Ivy League Executive Director Robin J. Harris said in a Tuesday interview that the league considered several scenarios before settling on the decision to cancel the tournament. She said the presidents of the eight Ivy League institutions — including University President Lawrence S. Bacow — made the decision in a conference call at 7:30 a.m. that morning.
Harris said the leaders of the eight schools put thought into contingency plans for the tournament.
“That is exactly who devoted hours to discussing and weighing all the options and ultimately made the very difficult decision to cancel the tournament in the interest of the health and safety of our fans, our students, and the general community at large, given the outbreak that’s occurring,” Harris said.
As a result of the tournament’s cancelation, the number one seeds in the men’s and women’s conferences will automatically advance to the NCAA National Tournament. Harvard men’s basketball, which finished its season in second place, will not have the opportunity to compete for a berth in the tournament. Instead, Yale University will represent the Ivy League. Harvard women’s basketball did not qualify for the conference tournament, which invites the top four teams.
Harvard men’s basketball Head Coach Tommy Amaker wrote that he supports the decision to cancel the tournament in a statement published on Twitter Tuesday evening.

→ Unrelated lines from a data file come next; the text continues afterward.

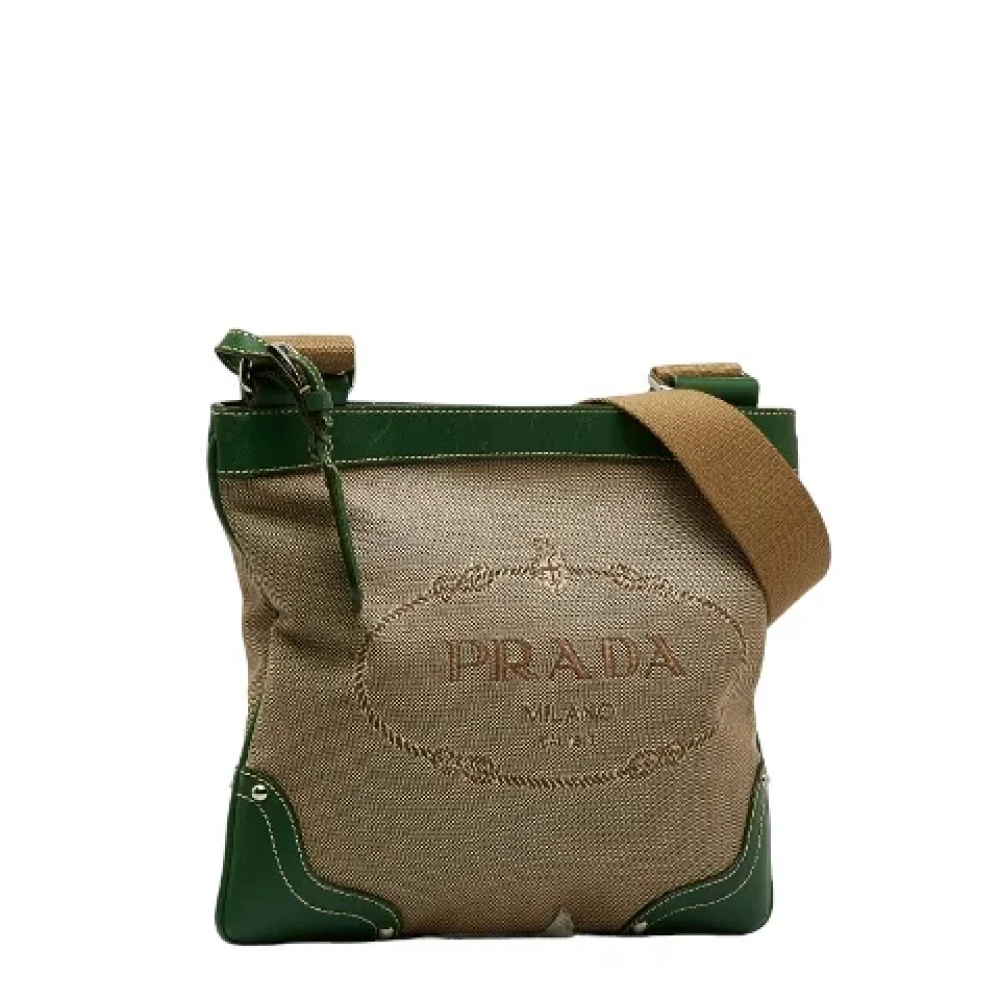 Prada Vintage Pre-owned Canvas prada-bags Brown Dames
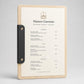 Portamenu a bacchetta moderno Formato A4 Tavoletta per Ristorante Pizzeria e Trattoria, Personalizzato Incisione Logo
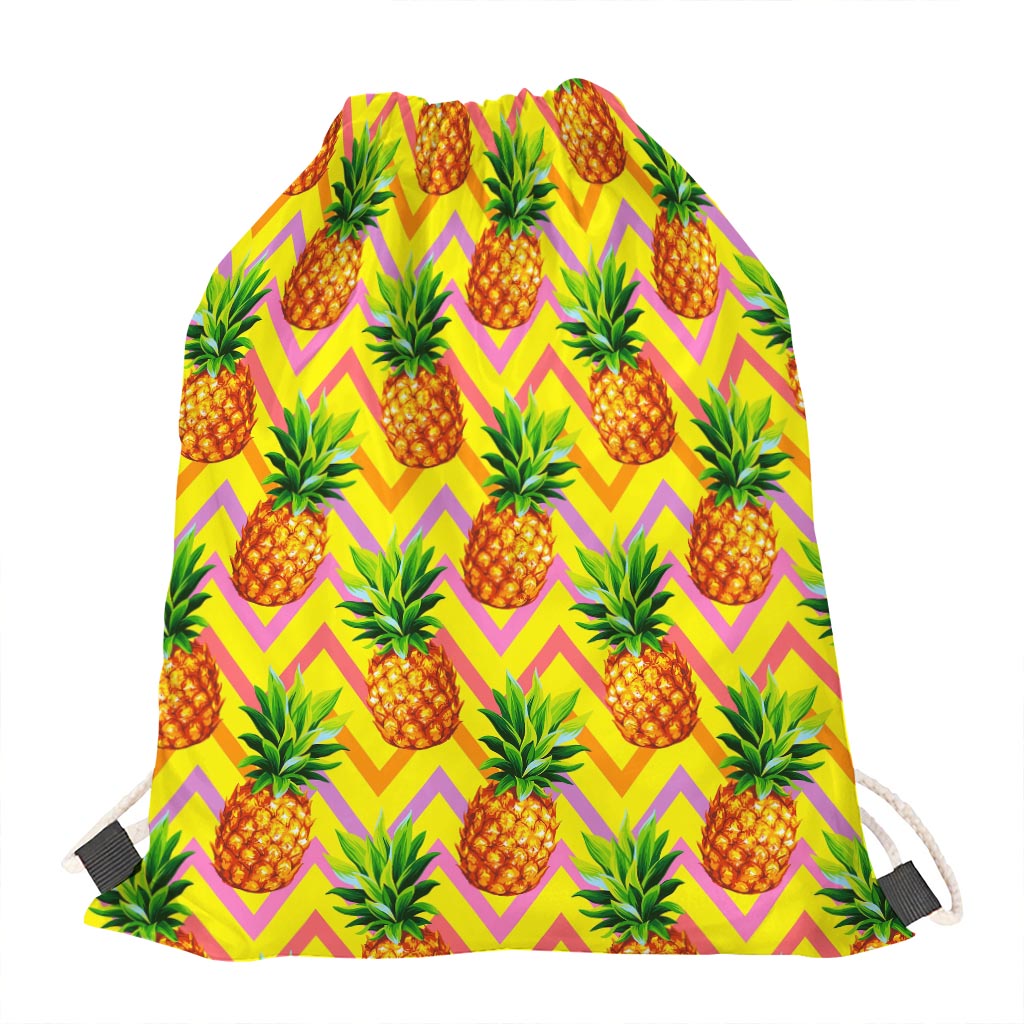 Pastel Zig Zag Pineapple Pattern Print Drawstring Bag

Harvard men’s basketball player Bryce L. Aiken ’20, however, took to Twitter to condemn the league’s decision Tuesday morning.
“Horrible, horrible, horrible decision and total disregard for the players and teams that have put their hearts into this season,” Aiken wrote. “This is wrong on so many levels and the @IvyLeague should do its due diligence to find a better solution. Everyone knows the risks of playing!”
A petition circulated online Tuesday demanding that the league reinstate the tournament. The petition, which has earned over 8,000 signatures, criticized the league for canceling the event while letting other sports competitions proceed.
Responding to the petition, Harris noted that regular league competitions are much smaller than the conference tournament, which would have brought eight teams to Harvard’s campus.
She also addressed precautions the league is taking as the spring sports season moves along.
“The spring sports are moving forward with very limited attendance, no general spectators or fans, only a limited number of guests of team members and essential personnel,” she said.
Harvard Senior Associate Director of Athletics Nathan Fry wrote in an emailed statement Monday that the department has prohibited air travel for all of Harvard’s varsity sports teams until April 30.
As a result, the department canceled nine varsity teams’ spring break trips, including the softball team’s.
Harvard softball player Morgan T. Melito ’21 said Harvard student-athletes who play a spring sport are currently “in a holding pattern.”
Dean of the College Rakesh Khurana asked College students in a Tuesday email to leave campus by Sunday evening. Melito said Athletics has not yet indicated how that University-wide policy will impact athletes whose season has not been canceled by the Ivy League. In the meantime, Melito said she and her teammates will continue to train.
“We had practice today,” she said. “We got dressed and went out to have practice and just made the most of it.”
In his statement, Fry wrote that Athletics will continue to monitor the situation and update its policies.
“The overall health and well-being of students, staff and fans are our highest priority at this time,” Fry wrote. “We continue to work with University officials frequently to review, update, and communicate plans. This is an extremely fluid situation, and all guidelines are subject to change as events change.”